From: Jeff Layton <jlayton@primarydata.com>
To: bfields@fieldses.org
Cc: linux-kernel@vger.kernel.org, linux-nfs@vger.kernel.org,
        Tejun Heo <tj@kernel.org>, Al Viro <viro@zeniv.linux.org.uk>,
        NeilBrown <neilb@suse.de>
Subject: [PATCH v2 00/16] nfsd/sunrpc: add support for a workqueue-based nfsd
Date: Wed, 10 Dec 2014 14:07:44 -0500
Message-Id: <1418238480-18857-1-git-send-email-jlayton@primarydata.com>
Sender: linux-nfs-owner@vger.kernel.org

This is the second revision of the workqueue-based nfsd. Changes from
the RFC version I posted earlier:

v2:
- found and fixed problem causing the delays between work. It was a bug
  in the design of the new code. I was queueing the svc_xprt's work to
  do everything and that necessarily serialized that work. This version
  adds a work_struct to the svc_rqst as well, and that's where the
  bulk of the work.

- no longer tries to use the thread count as a max_active setting for
  the workqueue. The workqueue max_active settings are left to the
  default. This means that /proc/fs/nfsd/threads is basically a binary
  switch that's either zero (not running) or non-zero (running). The
  actual value has no meaning.

- the handling of the fs_struct has been reworked. It's now allocated
  as part of the struct svc_rqst. Each svc_rqst has its own fs_struct
  now.

- CONFIG_SUNRPC_SVC_WORKQUEUE has been removed. Since the code must
  be enabled at runtime anyway, we don't need a switch to disable this
  code at build time.

- the new tracepoints have been reworked.
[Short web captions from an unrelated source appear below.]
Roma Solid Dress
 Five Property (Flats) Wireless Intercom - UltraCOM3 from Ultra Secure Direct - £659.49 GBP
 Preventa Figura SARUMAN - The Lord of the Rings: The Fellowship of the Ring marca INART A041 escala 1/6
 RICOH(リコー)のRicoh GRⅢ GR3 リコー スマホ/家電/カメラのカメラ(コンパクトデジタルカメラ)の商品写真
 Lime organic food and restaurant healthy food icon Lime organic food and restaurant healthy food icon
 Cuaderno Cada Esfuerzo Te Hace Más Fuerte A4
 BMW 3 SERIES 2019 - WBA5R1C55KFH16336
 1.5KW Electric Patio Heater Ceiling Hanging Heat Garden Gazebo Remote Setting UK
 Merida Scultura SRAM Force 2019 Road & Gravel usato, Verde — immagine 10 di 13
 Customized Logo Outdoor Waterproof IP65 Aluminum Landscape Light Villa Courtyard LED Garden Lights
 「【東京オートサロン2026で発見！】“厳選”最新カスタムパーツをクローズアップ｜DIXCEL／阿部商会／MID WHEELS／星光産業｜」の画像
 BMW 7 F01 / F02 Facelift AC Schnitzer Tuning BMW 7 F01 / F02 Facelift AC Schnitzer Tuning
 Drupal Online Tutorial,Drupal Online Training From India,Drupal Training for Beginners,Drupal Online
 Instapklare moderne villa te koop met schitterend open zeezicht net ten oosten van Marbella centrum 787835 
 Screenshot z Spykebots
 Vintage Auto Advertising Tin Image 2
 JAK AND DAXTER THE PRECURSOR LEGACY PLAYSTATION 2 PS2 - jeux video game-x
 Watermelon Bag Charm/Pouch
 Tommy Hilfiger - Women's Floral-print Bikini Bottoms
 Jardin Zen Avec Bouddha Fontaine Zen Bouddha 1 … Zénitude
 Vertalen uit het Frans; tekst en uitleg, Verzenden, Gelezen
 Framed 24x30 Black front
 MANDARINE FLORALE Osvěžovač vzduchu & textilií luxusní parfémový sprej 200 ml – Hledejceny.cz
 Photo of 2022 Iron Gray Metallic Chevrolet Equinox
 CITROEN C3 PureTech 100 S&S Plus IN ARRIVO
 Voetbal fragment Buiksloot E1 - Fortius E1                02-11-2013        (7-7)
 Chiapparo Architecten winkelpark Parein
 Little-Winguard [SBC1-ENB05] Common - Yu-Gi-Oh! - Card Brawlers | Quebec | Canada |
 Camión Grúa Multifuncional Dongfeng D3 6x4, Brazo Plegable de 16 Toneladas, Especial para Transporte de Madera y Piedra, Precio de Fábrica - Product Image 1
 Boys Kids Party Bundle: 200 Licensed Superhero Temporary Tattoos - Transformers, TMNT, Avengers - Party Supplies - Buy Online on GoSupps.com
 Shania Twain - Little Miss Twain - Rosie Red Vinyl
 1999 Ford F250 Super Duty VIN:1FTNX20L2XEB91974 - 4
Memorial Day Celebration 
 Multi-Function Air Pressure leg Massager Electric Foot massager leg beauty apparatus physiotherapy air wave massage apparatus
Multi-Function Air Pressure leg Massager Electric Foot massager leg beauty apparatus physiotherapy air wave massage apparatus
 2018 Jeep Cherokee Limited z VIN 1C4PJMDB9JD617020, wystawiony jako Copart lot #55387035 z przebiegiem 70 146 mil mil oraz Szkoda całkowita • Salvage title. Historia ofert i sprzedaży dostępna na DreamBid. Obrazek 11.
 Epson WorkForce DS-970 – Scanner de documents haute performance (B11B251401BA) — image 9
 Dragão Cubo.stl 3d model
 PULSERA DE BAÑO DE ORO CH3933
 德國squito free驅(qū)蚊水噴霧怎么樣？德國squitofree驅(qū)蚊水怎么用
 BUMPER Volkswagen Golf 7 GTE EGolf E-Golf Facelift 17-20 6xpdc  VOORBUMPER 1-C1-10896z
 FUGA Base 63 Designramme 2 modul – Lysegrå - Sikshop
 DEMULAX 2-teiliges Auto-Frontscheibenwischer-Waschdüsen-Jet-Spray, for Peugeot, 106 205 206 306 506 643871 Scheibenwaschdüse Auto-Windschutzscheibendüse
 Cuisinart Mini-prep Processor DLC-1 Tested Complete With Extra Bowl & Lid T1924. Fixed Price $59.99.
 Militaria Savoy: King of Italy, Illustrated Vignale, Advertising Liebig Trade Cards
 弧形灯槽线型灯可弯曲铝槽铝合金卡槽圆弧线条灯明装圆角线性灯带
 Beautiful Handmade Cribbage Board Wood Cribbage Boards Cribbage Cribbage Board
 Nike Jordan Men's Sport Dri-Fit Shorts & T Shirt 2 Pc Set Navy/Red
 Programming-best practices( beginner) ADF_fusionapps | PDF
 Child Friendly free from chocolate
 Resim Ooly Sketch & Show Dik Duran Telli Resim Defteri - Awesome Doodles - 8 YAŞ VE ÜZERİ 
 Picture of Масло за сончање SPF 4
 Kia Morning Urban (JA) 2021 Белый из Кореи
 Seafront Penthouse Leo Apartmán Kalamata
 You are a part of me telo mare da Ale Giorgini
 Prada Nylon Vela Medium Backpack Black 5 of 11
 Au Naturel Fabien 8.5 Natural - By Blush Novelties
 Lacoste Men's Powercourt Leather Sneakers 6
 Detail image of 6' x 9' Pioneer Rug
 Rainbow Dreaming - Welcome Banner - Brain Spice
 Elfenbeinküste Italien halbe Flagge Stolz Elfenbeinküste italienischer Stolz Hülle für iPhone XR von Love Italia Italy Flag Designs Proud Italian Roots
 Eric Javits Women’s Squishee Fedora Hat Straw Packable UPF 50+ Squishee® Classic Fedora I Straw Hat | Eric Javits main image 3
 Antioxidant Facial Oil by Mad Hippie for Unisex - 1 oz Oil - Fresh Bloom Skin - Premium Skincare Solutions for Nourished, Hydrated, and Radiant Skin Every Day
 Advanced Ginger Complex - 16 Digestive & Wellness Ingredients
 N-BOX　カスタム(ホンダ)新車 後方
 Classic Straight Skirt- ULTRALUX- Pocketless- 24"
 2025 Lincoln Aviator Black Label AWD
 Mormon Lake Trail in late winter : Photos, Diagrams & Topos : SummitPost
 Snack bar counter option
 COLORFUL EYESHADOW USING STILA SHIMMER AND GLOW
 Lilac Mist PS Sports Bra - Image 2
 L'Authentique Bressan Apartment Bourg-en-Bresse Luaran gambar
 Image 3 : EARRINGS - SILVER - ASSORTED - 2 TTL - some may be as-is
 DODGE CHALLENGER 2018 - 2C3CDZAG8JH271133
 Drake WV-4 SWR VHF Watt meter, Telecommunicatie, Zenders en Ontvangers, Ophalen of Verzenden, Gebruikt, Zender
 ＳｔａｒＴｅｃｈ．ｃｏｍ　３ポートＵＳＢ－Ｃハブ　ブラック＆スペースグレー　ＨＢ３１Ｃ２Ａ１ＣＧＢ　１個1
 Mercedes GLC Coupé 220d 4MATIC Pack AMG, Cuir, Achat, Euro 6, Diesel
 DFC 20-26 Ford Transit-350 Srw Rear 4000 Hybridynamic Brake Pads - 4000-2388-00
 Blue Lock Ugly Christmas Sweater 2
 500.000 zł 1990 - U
This new code is still a little slower (2-3%) than the older, thread
based code in my testing, though my hope is that it may perform better
than the older code on a NUMA machine. I don't have one at the moment
to verify that, however.

For background, here's an excerpt from the original posting:

This patchset is a little skunkworks project that I've been poking at
for the last few weeks. Currently nfsd uses a dedicated thread pool to
handle RPCs, but that requires maintaining a rather large swath of
"fiddly" code to handle the threads and transports.

This patchset represents an alternative approach, which makes nfsd use
workqueues to do its bidding rather than a dedicated thread pool. When a
transport needs to do work, we simply queue it to the workqueue in
softirq context and let it service the transport.

Performance:
------------
As far as numbers go, I ran a modified version of the fio
tiobench-example.fio test that just reduces the file size to 128M:

threads:
----------------------------------------------------------------------
Run status group 0 (all jobs):
  WRITE: io=13740KB, aggrb=228KB/s, minb=57KB/s, maxb=57KB/s,
mint=60034msec, maxt=60049msec

Run status group 1 (all jobs):
  WRITE: io=14652KB, aggrb=244KB/s, minb=60KB/s, maxb=61KB/s,
mint=60002msec, maxt=60028msec

Run status group 2 (all jobs):
   READ: io=524288KB, aggrb=49639KB/s, minb=12409KB/s, maxb=12433KB/s,
mint=10542msec, maxt=10562msec

Run status group 3 (all jobs):
   READ: io=524288KB, aggrb=50670KB/s, minb=12667KB/s, maxb=12687KB/s,
mint=10331msec, maxt=10347msec

workqueue:
----------------------------------------------------------------------
Run status group 0 (all jobs):
  WRITE: io=13632KB, aggrb=226KB/s, minb=56KB/s, maxb=56KB/s,
mint=60010msec, maxt=60061msec

Run status group 1 (all jobs):
  WRITE: io=14328KB, aggrb=238KB/s, minb=59KB/s, maxb=59KB/s,
mint=60023msec, maxt=60033msec

Run status group 2 (all jobs):
   READ: io=524288KB, aggrb=47779KB/s, minb=11944KB/s, maxb=11955KB/s,
mint=10963msec, maxt=10973msec

Run status group 3 (all jobs):
   READ: io=524288KB, aggrb=48379KB/s, minb=12094KB/s, maxb=12114KB/s,
mint=10819msec, maxt=10837msec

...a small performance decrease using workqueues (about 5% in the worst
case). It varies a little between runs but the results over several runs
are fairly consistent in showing a small perf decrease.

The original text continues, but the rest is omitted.